The participants in the “High Noon”–like shoot-out had once been friends. Davis Tutt had been born in Yellville, Arkansas, in 1836, and thus was or close to twenty-nine years old on that fateful July day. The Tutts were well known in Arkansas politics until the Tutt-Everett War. Also known as the Marion County War, it began when two prominent families took opposite sides in the presidential election of 1844 involving Henry Clay and the winner, James Polk. There were escalating confrontations—a scenario to be repeated decades later by the Hatfield and McCoy families—until 1850, when Hansford “Hamp” Tutt, Davis’s father, was ambushed and shot. On his deathbed, he requested that there be no revenge and no more fighting over politics, and the war ended.
The younger Tutt enlisted in the Twenty-Seventh Arkansas Infantry Regiment in 1862 and fought on the Confederate side during the Civil War, seeing action in Mississippi and elsewhere.
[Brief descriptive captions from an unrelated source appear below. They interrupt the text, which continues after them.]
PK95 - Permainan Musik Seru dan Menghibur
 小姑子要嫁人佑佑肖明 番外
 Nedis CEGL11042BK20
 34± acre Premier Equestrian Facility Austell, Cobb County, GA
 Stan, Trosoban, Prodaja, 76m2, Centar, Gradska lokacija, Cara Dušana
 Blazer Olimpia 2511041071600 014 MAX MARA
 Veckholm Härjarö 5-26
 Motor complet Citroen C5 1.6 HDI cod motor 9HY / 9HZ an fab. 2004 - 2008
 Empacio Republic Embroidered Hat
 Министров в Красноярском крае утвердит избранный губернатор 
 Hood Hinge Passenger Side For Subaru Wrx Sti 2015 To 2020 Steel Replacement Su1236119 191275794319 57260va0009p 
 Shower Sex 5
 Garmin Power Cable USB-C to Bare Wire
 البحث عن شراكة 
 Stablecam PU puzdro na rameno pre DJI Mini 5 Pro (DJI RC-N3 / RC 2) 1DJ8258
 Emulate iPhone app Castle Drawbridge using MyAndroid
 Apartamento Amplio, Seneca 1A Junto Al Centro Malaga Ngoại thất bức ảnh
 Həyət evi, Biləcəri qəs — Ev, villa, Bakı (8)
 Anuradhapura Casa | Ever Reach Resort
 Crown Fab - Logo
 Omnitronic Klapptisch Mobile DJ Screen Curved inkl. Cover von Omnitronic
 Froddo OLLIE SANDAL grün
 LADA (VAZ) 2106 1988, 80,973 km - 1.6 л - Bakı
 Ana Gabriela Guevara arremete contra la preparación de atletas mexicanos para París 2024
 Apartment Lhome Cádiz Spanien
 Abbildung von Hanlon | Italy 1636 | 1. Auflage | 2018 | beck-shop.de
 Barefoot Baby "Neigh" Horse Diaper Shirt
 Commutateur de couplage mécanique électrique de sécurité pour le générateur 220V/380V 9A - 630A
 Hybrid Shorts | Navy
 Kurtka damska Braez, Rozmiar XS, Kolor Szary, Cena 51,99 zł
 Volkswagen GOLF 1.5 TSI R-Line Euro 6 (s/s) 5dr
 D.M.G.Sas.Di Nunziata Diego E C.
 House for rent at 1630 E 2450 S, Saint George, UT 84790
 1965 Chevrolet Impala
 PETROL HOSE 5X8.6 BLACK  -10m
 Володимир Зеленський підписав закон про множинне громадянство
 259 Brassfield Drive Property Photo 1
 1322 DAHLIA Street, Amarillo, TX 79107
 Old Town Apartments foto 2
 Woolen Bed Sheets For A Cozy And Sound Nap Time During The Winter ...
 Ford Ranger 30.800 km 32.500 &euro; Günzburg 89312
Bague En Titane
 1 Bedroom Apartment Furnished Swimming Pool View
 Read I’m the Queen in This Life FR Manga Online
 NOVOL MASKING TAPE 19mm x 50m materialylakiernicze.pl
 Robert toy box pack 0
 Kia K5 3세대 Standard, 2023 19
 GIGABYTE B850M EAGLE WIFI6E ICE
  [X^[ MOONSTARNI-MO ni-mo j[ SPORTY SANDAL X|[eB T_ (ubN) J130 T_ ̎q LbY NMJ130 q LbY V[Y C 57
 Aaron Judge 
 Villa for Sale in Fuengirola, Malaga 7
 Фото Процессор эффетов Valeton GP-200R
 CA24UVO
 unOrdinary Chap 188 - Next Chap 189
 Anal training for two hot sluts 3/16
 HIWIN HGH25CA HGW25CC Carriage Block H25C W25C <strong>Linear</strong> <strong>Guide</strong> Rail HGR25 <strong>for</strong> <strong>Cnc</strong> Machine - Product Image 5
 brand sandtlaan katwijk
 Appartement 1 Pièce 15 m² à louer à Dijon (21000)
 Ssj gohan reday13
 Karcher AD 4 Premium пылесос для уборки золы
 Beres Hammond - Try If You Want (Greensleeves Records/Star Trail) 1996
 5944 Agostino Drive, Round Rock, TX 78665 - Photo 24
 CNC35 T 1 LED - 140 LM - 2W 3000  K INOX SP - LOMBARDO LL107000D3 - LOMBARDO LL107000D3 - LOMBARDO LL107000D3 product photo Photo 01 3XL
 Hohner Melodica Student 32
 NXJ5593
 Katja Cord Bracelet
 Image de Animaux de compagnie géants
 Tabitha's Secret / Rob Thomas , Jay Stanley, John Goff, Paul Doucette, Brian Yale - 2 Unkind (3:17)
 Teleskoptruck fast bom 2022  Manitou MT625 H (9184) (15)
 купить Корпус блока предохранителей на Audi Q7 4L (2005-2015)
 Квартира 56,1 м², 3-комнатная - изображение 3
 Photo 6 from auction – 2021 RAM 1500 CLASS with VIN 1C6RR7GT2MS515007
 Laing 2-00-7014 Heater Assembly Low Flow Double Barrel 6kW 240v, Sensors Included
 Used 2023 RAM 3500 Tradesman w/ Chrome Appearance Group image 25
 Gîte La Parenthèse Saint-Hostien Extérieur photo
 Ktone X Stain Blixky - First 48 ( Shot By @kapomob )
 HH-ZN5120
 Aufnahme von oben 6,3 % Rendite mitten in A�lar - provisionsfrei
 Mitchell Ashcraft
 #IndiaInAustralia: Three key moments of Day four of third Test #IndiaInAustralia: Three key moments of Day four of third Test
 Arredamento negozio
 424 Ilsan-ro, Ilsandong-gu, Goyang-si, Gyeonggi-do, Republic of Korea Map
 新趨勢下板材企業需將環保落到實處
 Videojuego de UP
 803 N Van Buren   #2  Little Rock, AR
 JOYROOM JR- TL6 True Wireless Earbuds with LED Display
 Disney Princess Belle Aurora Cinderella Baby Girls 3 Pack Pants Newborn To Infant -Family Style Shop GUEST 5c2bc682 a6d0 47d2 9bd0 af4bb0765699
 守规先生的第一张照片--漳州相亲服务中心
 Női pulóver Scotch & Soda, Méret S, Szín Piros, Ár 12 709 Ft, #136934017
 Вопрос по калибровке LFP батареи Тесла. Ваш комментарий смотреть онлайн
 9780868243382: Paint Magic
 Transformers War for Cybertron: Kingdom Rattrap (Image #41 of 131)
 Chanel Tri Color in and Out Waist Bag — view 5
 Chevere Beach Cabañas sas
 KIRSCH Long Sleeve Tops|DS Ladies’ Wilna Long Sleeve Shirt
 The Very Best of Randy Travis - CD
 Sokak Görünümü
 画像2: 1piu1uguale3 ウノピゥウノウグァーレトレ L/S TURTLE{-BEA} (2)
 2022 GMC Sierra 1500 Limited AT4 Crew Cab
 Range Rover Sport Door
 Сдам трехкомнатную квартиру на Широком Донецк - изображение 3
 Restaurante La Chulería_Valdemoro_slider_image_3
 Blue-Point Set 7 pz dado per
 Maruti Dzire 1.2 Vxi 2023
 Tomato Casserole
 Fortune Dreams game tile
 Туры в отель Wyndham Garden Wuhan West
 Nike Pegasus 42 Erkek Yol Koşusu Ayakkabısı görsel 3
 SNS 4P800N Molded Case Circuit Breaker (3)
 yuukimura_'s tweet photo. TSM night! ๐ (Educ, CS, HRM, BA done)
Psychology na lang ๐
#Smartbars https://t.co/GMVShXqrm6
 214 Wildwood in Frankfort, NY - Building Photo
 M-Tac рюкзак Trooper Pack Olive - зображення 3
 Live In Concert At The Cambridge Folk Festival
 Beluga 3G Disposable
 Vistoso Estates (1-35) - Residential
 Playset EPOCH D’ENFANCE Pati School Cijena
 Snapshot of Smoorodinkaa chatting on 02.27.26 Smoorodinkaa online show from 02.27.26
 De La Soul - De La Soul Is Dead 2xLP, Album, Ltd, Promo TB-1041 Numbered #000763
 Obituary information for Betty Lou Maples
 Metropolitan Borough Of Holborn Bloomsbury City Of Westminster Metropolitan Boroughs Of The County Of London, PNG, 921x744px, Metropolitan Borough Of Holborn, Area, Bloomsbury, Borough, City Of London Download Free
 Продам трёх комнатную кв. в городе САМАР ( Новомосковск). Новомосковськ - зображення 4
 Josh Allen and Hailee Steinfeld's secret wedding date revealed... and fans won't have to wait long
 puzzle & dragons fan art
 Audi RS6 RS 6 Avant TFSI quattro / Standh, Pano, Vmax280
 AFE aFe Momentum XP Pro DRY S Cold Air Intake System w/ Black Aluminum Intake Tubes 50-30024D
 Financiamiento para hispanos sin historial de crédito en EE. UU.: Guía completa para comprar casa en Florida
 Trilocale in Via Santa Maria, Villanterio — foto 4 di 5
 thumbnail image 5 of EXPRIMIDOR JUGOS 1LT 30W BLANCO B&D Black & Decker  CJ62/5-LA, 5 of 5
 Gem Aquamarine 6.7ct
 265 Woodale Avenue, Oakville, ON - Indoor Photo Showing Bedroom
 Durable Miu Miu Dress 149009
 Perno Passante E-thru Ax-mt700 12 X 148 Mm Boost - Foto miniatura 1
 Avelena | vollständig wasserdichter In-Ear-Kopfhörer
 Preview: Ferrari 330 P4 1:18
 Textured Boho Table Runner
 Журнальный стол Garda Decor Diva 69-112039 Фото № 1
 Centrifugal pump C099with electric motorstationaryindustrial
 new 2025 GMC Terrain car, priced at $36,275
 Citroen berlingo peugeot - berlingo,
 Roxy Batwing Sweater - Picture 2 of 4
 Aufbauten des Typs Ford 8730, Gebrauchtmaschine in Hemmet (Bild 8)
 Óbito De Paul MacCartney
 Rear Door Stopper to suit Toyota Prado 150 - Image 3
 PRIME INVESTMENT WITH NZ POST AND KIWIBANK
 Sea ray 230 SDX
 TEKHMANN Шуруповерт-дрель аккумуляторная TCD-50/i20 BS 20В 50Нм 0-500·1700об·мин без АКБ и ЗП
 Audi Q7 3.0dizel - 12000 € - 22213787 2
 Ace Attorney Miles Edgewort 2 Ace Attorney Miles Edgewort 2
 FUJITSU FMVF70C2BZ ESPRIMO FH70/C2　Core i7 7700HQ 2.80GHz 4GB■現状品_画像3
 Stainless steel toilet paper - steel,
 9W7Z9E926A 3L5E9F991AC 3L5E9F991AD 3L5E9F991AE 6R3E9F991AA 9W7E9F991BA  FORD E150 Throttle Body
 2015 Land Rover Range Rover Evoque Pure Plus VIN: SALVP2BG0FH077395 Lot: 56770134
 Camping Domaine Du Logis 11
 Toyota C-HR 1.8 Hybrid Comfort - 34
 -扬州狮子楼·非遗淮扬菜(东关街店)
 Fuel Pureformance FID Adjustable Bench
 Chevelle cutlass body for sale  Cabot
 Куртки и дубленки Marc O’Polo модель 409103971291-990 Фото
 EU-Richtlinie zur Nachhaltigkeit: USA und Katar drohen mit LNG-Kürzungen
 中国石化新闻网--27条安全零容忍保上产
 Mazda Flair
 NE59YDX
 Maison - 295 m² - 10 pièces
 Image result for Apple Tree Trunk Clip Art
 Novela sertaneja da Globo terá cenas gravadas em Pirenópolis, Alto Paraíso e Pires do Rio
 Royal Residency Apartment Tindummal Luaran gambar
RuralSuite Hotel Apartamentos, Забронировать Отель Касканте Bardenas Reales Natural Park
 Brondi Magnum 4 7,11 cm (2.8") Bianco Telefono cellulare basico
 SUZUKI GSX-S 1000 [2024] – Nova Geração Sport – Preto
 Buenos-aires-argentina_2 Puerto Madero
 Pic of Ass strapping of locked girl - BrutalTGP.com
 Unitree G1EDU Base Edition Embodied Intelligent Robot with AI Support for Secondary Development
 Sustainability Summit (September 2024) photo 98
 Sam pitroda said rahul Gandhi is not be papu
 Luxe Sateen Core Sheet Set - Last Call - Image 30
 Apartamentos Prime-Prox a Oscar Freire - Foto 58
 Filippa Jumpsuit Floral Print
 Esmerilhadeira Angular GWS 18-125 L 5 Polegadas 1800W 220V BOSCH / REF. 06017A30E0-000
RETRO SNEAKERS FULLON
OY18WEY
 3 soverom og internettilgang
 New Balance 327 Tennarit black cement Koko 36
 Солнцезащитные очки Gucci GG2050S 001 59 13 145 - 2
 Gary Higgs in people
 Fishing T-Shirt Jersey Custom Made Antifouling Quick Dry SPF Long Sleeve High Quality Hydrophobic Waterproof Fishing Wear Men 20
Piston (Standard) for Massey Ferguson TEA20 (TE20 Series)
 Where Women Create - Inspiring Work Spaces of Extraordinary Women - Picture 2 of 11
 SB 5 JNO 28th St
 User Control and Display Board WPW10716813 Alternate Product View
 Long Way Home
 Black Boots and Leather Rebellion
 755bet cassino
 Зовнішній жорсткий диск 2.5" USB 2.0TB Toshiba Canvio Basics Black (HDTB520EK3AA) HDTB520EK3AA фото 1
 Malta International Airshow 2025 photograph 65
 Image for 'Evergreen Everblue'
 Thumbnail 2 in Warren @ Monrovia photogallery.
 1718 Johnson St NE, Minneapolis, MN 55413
At the war’s conclusion in April 1865, Tutt was sent home, but by then, Arkansas had lost its allure. Like thousands of other postwar young men, he turned his attention west. First, though, he ambled north, into Missouri, stopping for a spell in Springfield. Soon afterward, Hickok hit town, another postwar drifter killing time at the city’s gaming tables.
The major difference between Hickok and Tutt was they had served on opposite sides during the Civil War. By that July, though, what mattered more was a mutual love of gambling. For a time, they were fast friends, enjoying the same card games. But a couple of issues involving women began to spill over onto the gaming tables, and worse, Hickok went on a cold streak and accepted loans from Tutt rather than be broke and idle. In the third week of a typically steamy July, he was already in a foul mood and needed no further provocation … but then there was a card game at the Lyon House Hotel.
As will be detailed later in these pages, the outcome of that card game was that Hickok and Tutt completed the journey from friends to enemies … and Tutt had taken Hickok’s gold watch. It was only because Tutt was surrounded by friends at the hotel that Wild Bill did not confront him with guns drawn.
But it was a different story the next day. On the morning of July 21, there was Davis Tutt, strolling through the town square, sunlight glinting off the gold watch. By this point in his life, Hickok was no stranger to gunplay and people dying from it, yet when word reached him about Tutt’s performance, he did not go for his gun. He did approach Tutt, but to negotiate getting the watch back. He was rebuffed.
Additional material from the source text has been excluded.